- Records to process -
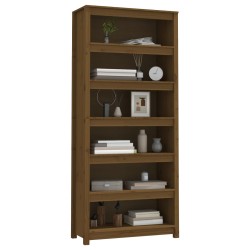   Libreria Marrone Miele 80x35x183 cm in Legno Massello di Pino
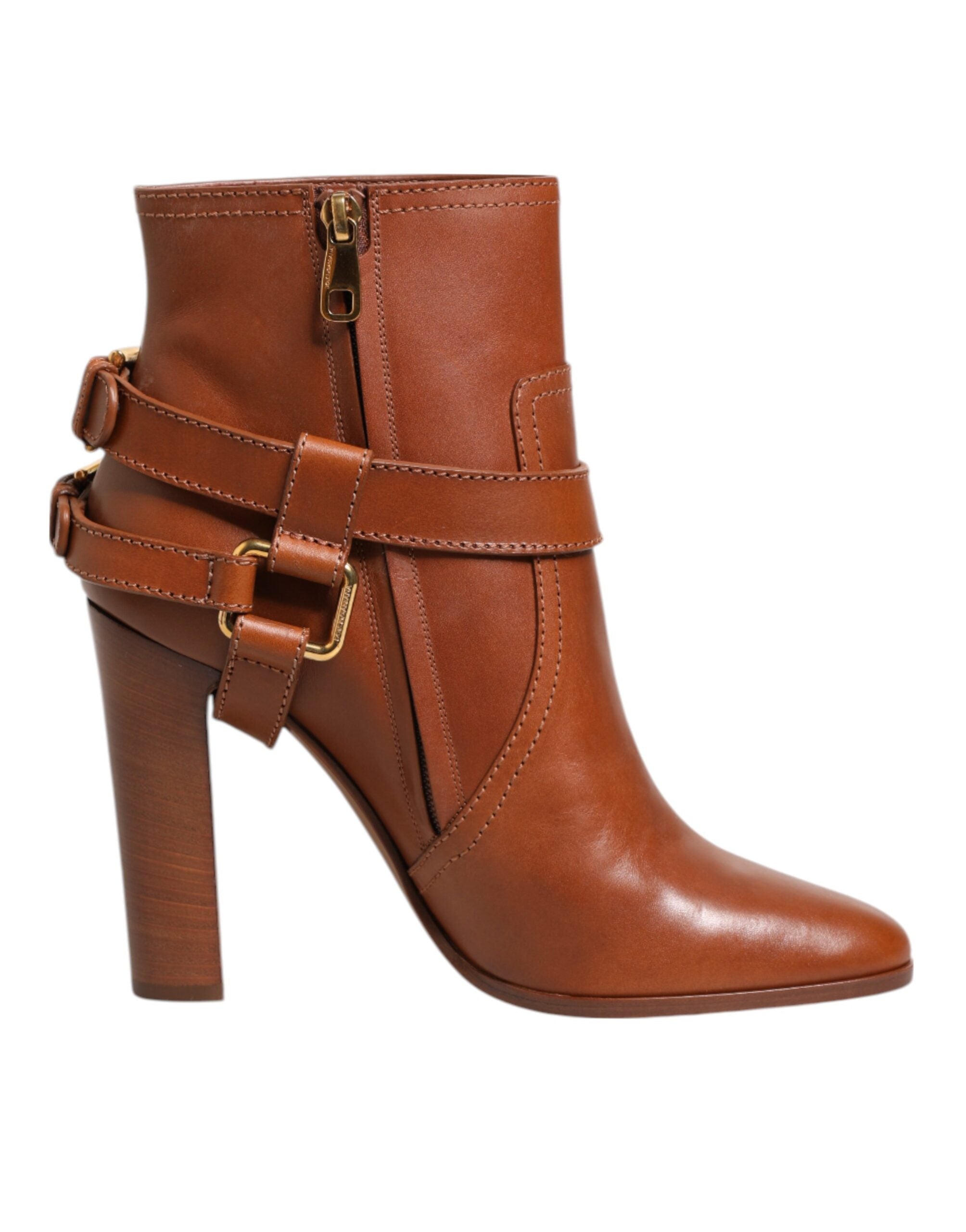 Dolce & Gabbana Brown Leather DG Logo Buckle Ankle Boots Shoes LUNESCAPE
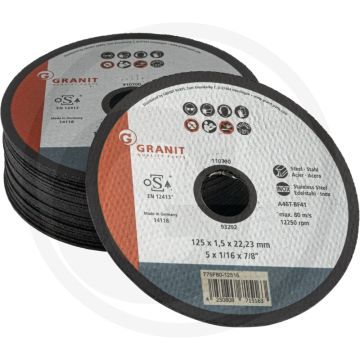 Doorslijpschijven, staal dun - Ø125mm x 1,5mm x 22,2mm - 25 stuks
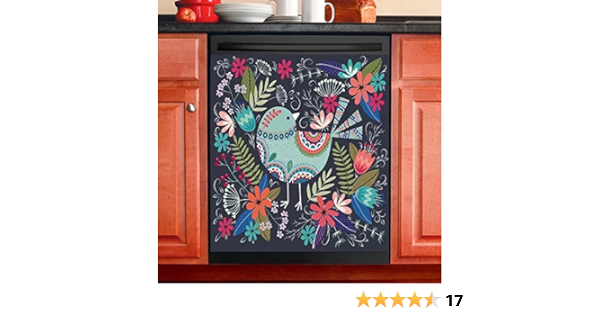 Kitchen Decor Colorful Flower Bird Magnetic Dishwasher Decal, Fridge Door Cover Vinyl Appliance Sticker, (Magnetic, 23" W x 26" H inches)
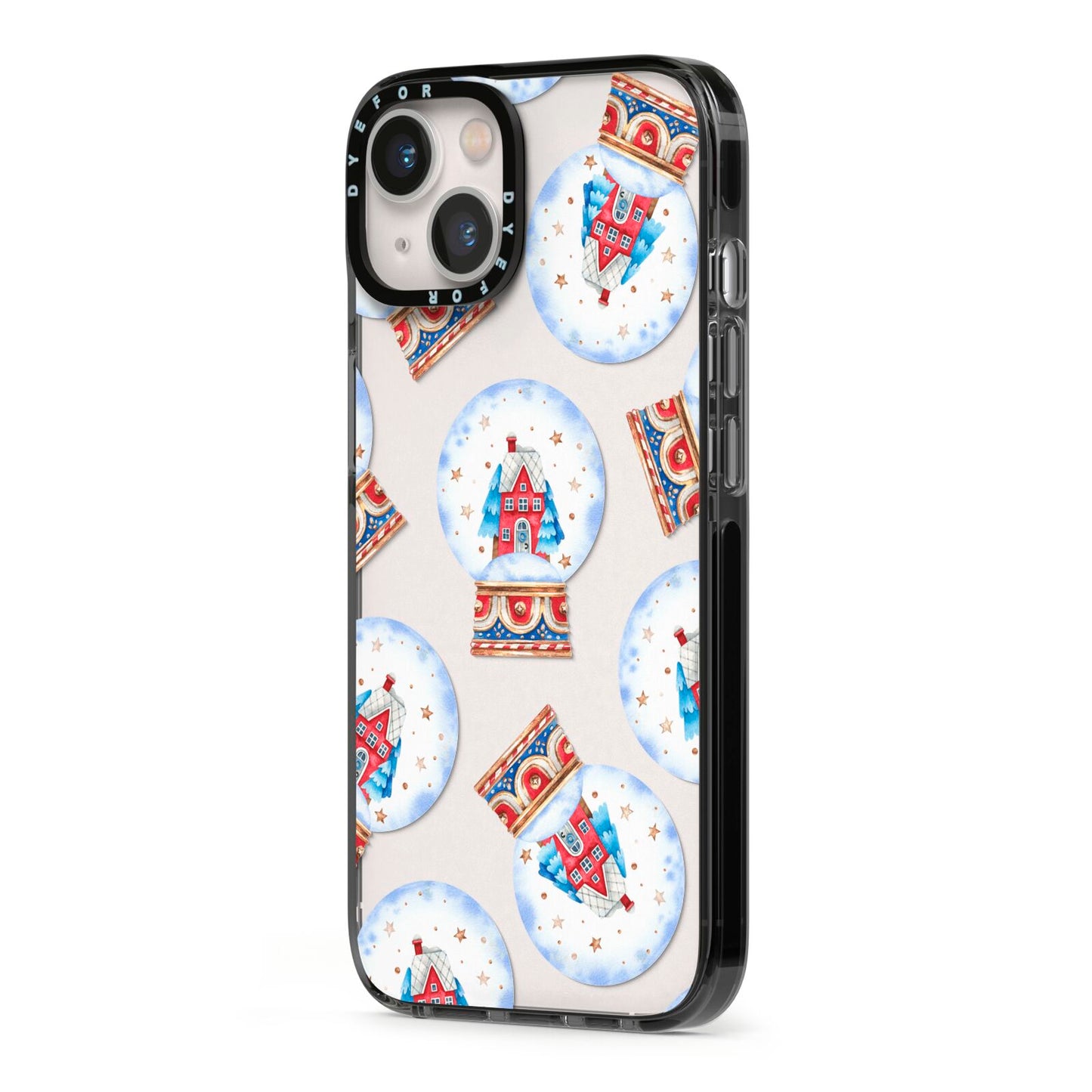 Christmas Snow Globe Pattern iPhone 13 Black Impact Case Side Angle on Silver phone
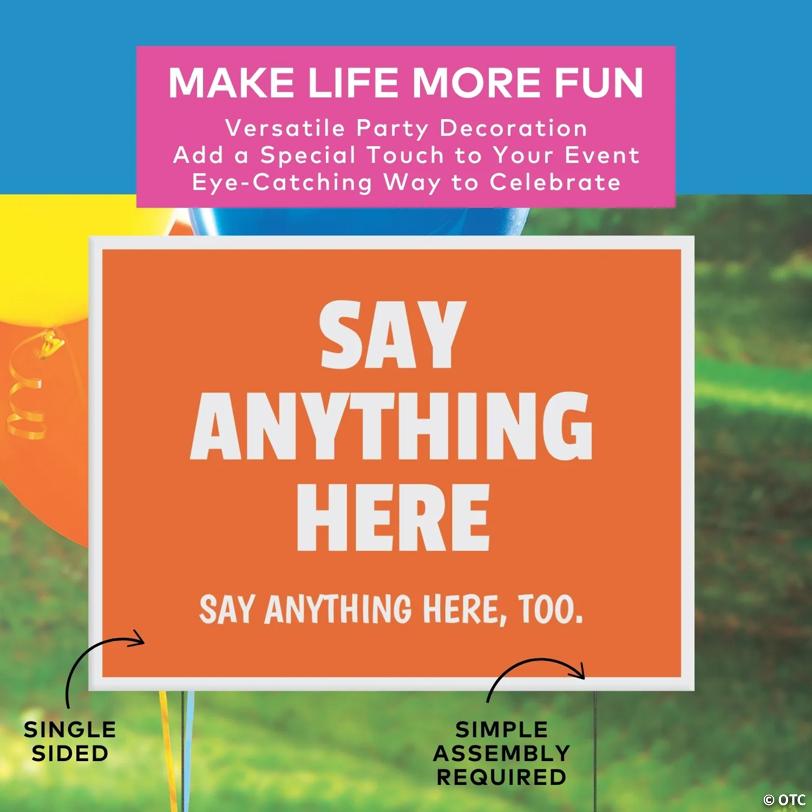 24" x 16" Personalized Solid Color Say Anything Plastic Yard Sign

- What is needed -
Give back exactly the lines from the one containing "Christmas Snow Globe" to the final line of the entries, both included, and no picture.

- Reply -
 Christmas Snow Globe Pattern iPhone 13 Black Impact Case Side Angle on Silver phone
 24" x 16" Personalized Solid Color Say Anything Plastic Yard Sign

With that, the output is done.